- Required work
Line by line, restate the material word for word, omitting any image.

- Supplied information
........
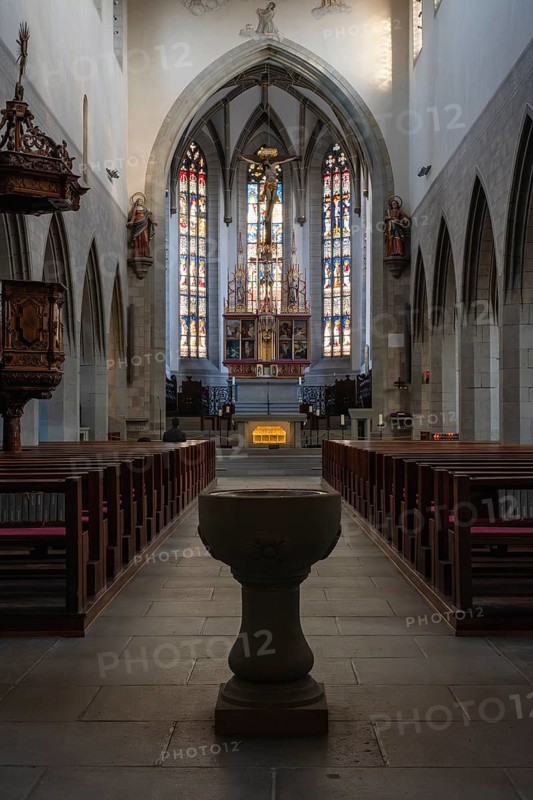 Interior view of the Radolfzell Cathedral of Our Lady with the baptismal font and the neo-Gothic high altar, district of Constance, Baden-Württemberg, Germany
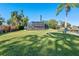 Expansive backyard showcasing a large lawn and screened pool area at 608 69Th W Ave, Bradenton, FL 34207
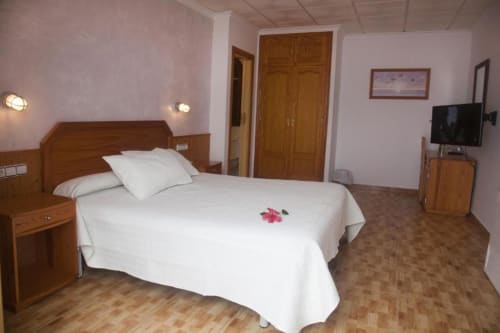 Amplio dormitorio doble en Hostal Mar de Frente, Los Caños de Meca, con muebles de madera, TV y terraza con vistas al mar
........
- Answer to the problem
 Interior view of the Radolfzell Cathedral of Our Lady with the baptismal font and the neo-Gothic high altar, district of Constance, Baden-Württemberg, Germany
 Expansive backyard showcasing a large lawn and screened pool area at 608 69Th W Ave, Bradenton, FL 34207
 Amplio dormitorio doble en Hostal Mar de Frente, Los Caños de Meca, con muebles de madera, TV y terraza con vistas al mar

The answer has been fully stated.